As fortes chuvas que atingem o Rio Grande do Sul, as mais intensas registradas em território gaúcho em décadas, já deixaram dezenas de mortos, causaram estragos em 265 municípios, romperam uma barragem e desalojaram mais de 24 mil pessoas. Há ainda mais de 60 pessoas desaparecidas enquanto o mau tempo já provoca danos em outros Estados do Sul.
Os governos federal e estadual criaram uma força-tarefa e tentam evitar mais mortes promovendo evacuações e retirando pessoas de áreas de risco.
Mas a responsabilidade não é apenas dos governos estaduais e federal, diz Marcio Astrini, secretário-executivo do Observatório do Clima (OC), mas também do Congresso — pois as tragédias são resultado da falta de adaptação e de combate às mudanças climáticas, duas áreas onde os Executivos precisam fazer mais e onde o Legislativo têm promovido ativamente retrocessos, na opinião dele.
“A maioria conservadora tem aprovado diversos projetos considerados nocivos para o meio ambiente. Nunca tivemos um Congresso tão dedicado a desmontar”, afirma o especialista em políticas públicas à frente do Observatório do Clima, rede de entidades que monitora a questão climática no Brasil.
Além disso, segundo Astrini, ações que se limitam às respostas de emergência em situações de crise não são suficientes. Eventos extremos como esse — cada vez mais comuns por causa das mudanças climáticas — não podem mais ser tratados como “imprevistos”.
Embora nem sempre seja possível prever com precisão a intensidade de um evento extremo, já sabemos que eles se tornarão mais frequentes — e quais as medidas que precisam ser tomadas para nos adaptarmos a eles, afirma o especialista.
Modelos climáticos preveem há décadas um aumento de chuvas extremas no sul da América do Sul, incluindo toda a bacia do Prata (formada pelos rios Paraná e Uruguai), lembra Astrini.
“O maior problema que a gente enfrenta neste momento não é a previsão, é a aceitação”, afirma Astrini. “A gente precisa aceitar que, infelizmente, esse é o novo normal. Mas não basta aceitar pacificamente, é preciso aceitar e tomar atitudes.”

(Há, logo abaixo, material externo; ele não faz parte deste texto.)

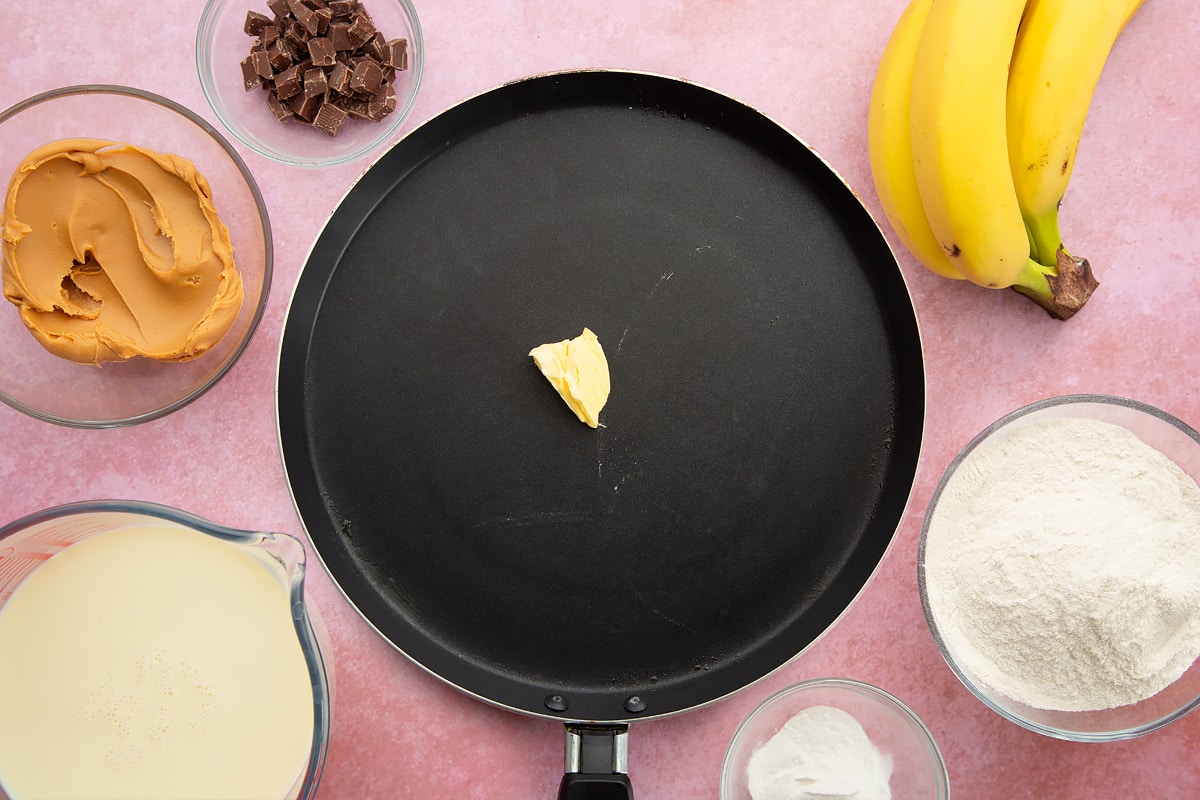 A frying pan with a knob of vegan spread in the centre. The pan is surrounded by the ingredients for vegan peanut butter banana pancakes.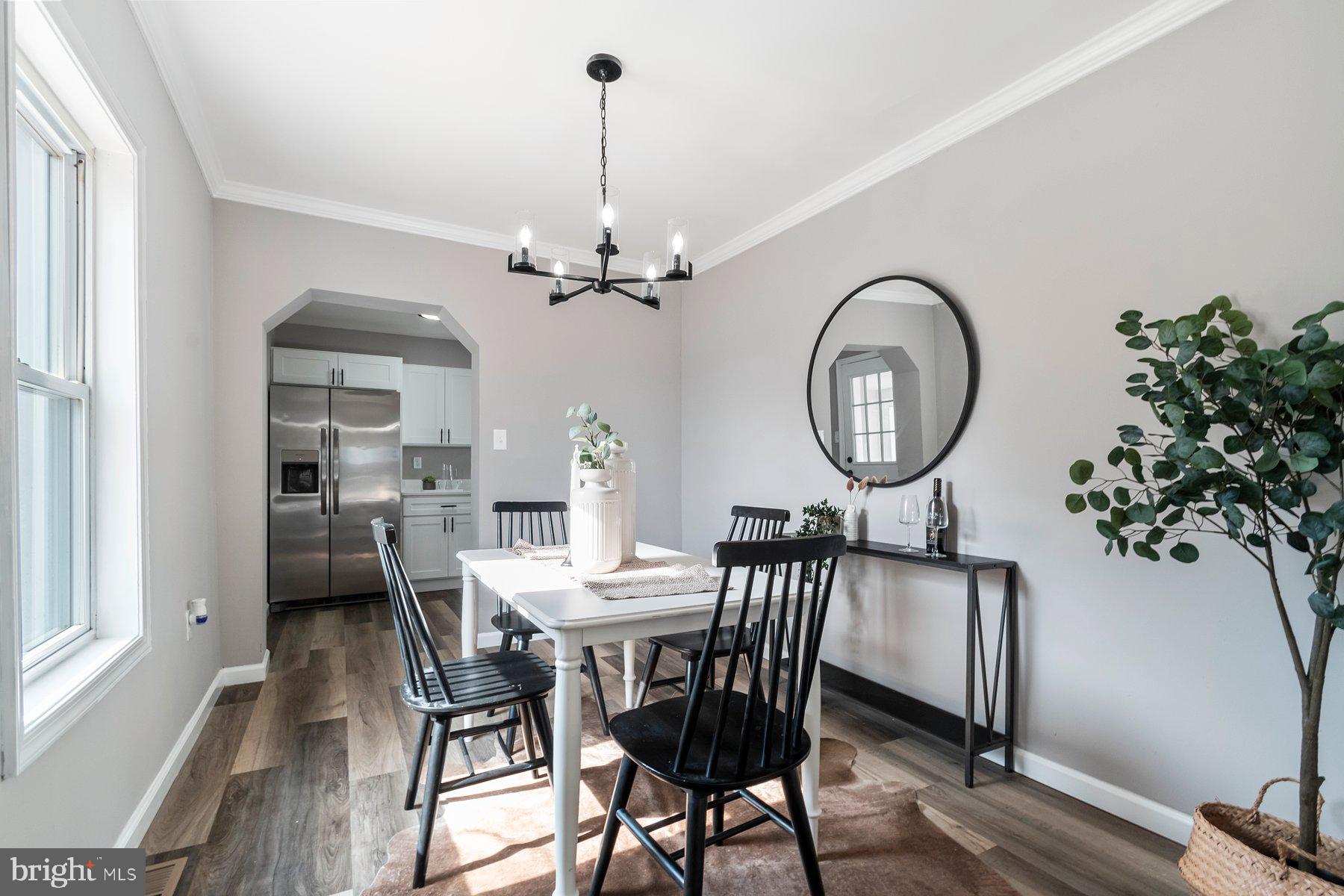4 North Point Terrace Baltimore, MD 21222 - Photo 5 of 32 a view of a dining room with furniture and a chandelier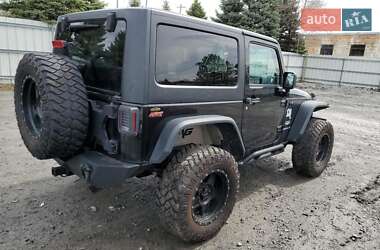 Внедорожник / Кроссовер Jeep Wrangler 2014 в 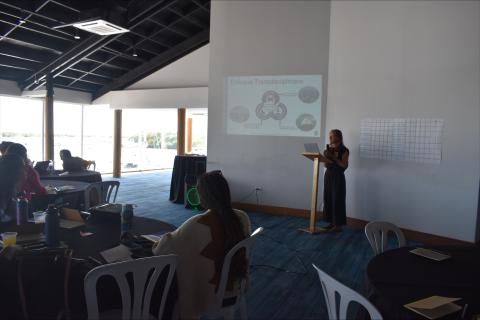 Knauss Fellow Natalie Lord presents at a lecture in front of a seated audience with a powerpoint presentation in Spanish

“Todo ano o governo do Rio Grande do Sul fica extremamente espantado que as chuvas são intensas. O governo do Rio de Janeiro fica super surpreso quando acontece em Petrópolis. É uma surpresa em São Sebastião (SP), no norte de Minas Gerais, em Recife (PE), no sul da Bahia. Só que acontece que já faz nove anos consecutivos que as médias de temperatura do planeta são as mais quentes já registradas. Não tem mais surpresa. A gente precisa se preparar para isso”, afirma Astrini.

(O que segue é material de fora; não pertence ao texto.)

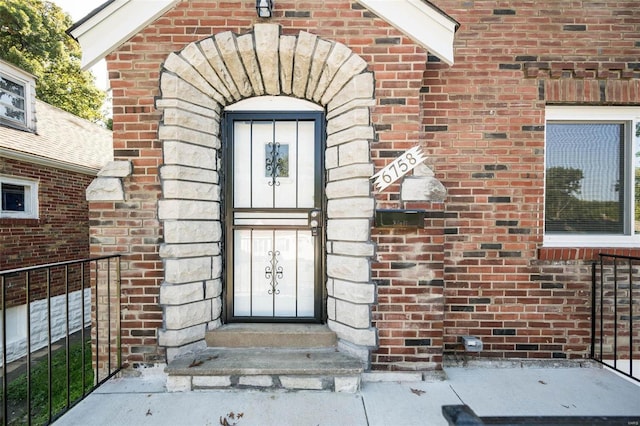 property entrance featuring brick siding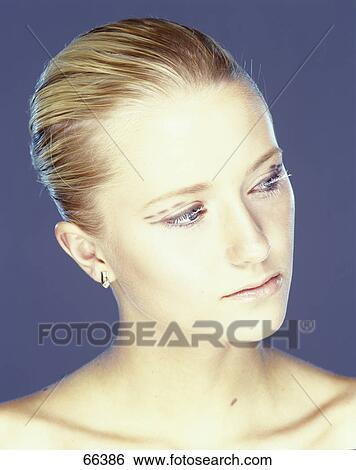 Stock Photograph - Portrait of young woman looking sceptical . Fotosearch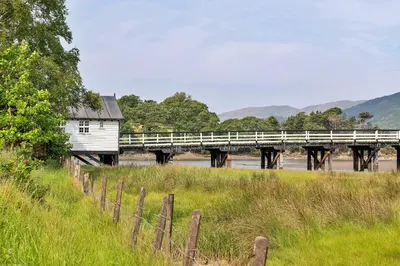 a bridge over a river with a building next to a field at Finest Retreats - Toll Bridge Cottage in Dolgellau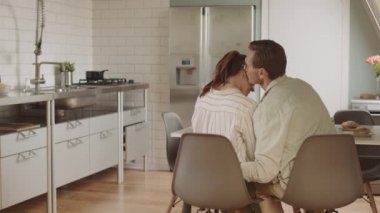Kafkasyalı bir adamın mutfakta kız arkadaşıyla oturduğunu, ona sarıldığını ve kulağına fısıldadığını görünce gülüyor.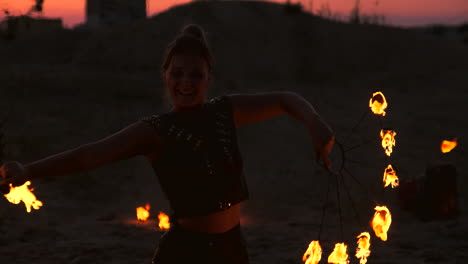 fire show artist breathe fire in the dark at abandon building slow motion. fire in heart shape.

Mitigação, adaptação e redução de danos
Astrini explica que existem três tipos de resposta possíveis diante da crise climática: a mitigação das causas, a adaptação em preparação para as consequências e a redução de danos diante das tragédias.

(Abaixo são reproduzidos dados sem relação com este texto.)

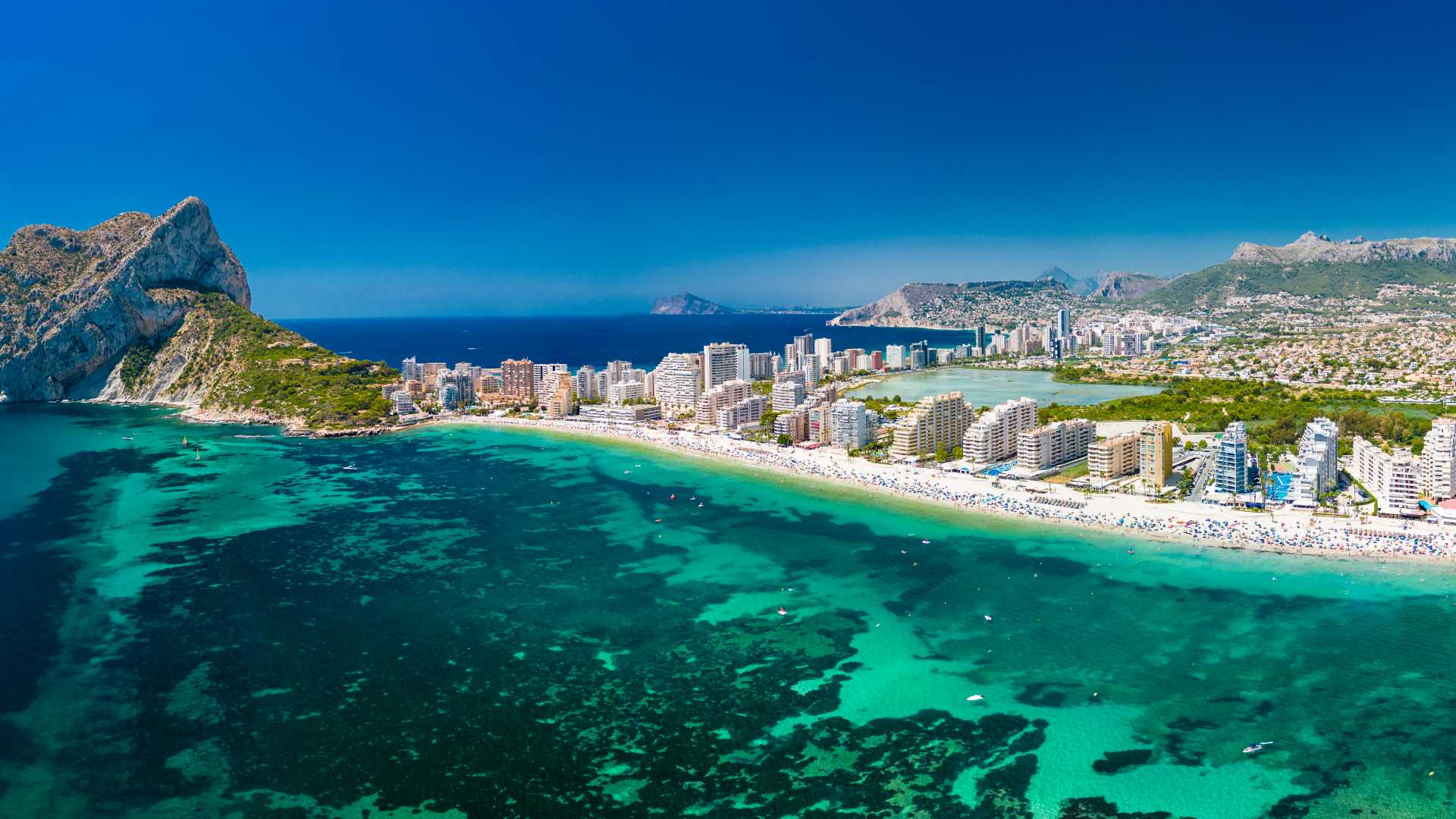 Luchtfoto van het strand van Calpe met turquoise water en de opvallende berg Penyal d'Ifach in Spanje.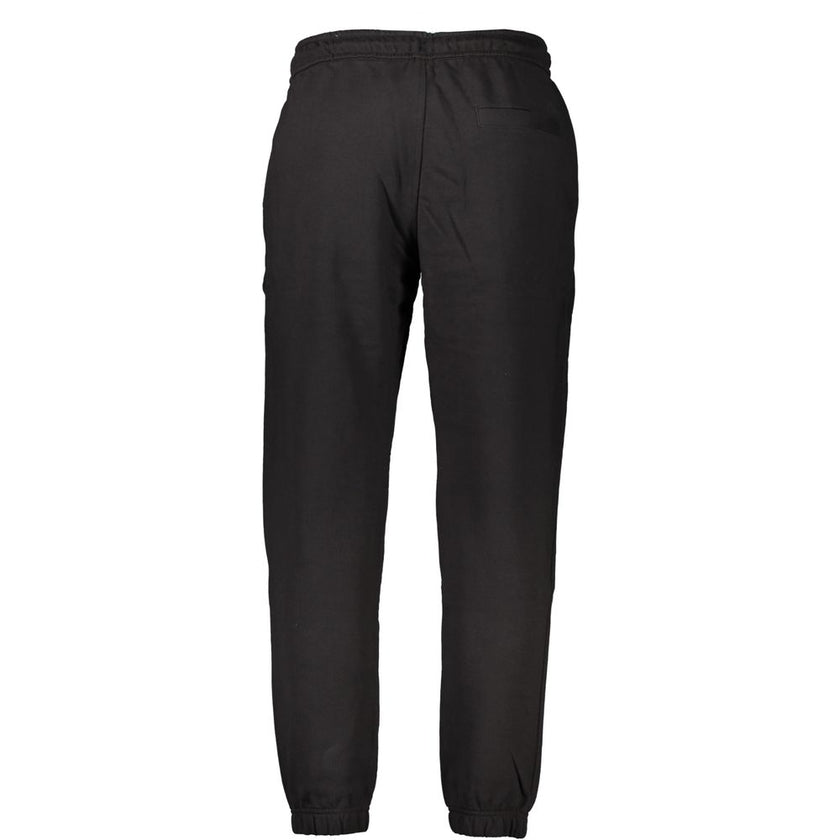 Black Cotton PantSPORTS TROUSERS, ELASTIC WAIST WITH LACES, BRUSHED, 3 POCKETS, ELASTIC AT THE ANKLE, PRINT, LOGO, 95% REGENERATIVE COTTONBlack Cotton Pant${tagsCalvin KleinAulae Black Cotton Pant Calvin KleinAulae Black Cotton Pant SPORTS TROUSERS, ELAST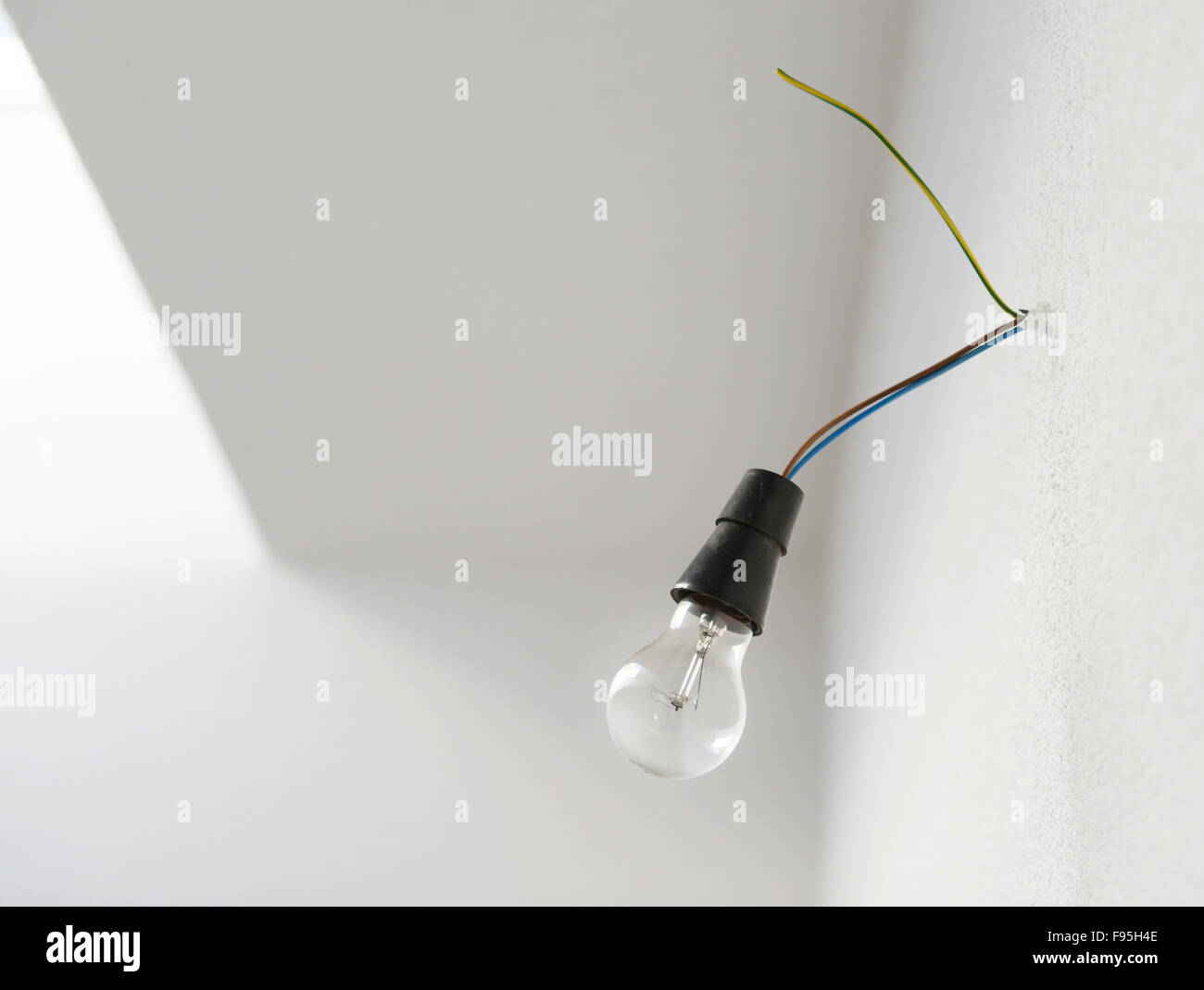 Hanging transparent glass bulb from unfinished construction Stock Photo ...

“Mitigação é quando você ataca o problema: é quando você interrompe o desmatamento, quando você tira uma termoelétrica de operação, quando substitui uma fonte poluente por uma fonte renovável”, afirma o especialista.
“A adaptação é quando o problema vai acontecer e você começa a adaptar principalmente as populações mais vulneráveis ao problema. Por exemplo, quando tira as populações da área de risco, quando dá mais assistência para um pequeno agricultor lidar com uma seca.”
As ações também são necessárias contra problemas que não necessariamente são causados pelo aquecimento global, embora agravados por ele, explica Astrini.
“Adaptação é também quando você reforça a rede de saúde, porque vão aumentar os casos de dengue, porque o ciclo de reprodução do mosquito vai ficar mais longo por causa de chuvas desproporcionais e do calor prolongado.”
Já lidar com as perdas e reduzir os danos é promover as respostas emergenciais às tragédias.
“Perdas e danos é o que se faz normalmente: desbarrancou, você vai procurar sobreviventes, vai construir casas”, diz Astrini. O problema, na visão do especialista, é que as ações tomadas por autoridades federais, estaduais e municípais tendem a se concentrar apenas nesse terceiro estágio de resposta.
“O pessoal só age quando já está no nível da desgraça”, diz Astrini.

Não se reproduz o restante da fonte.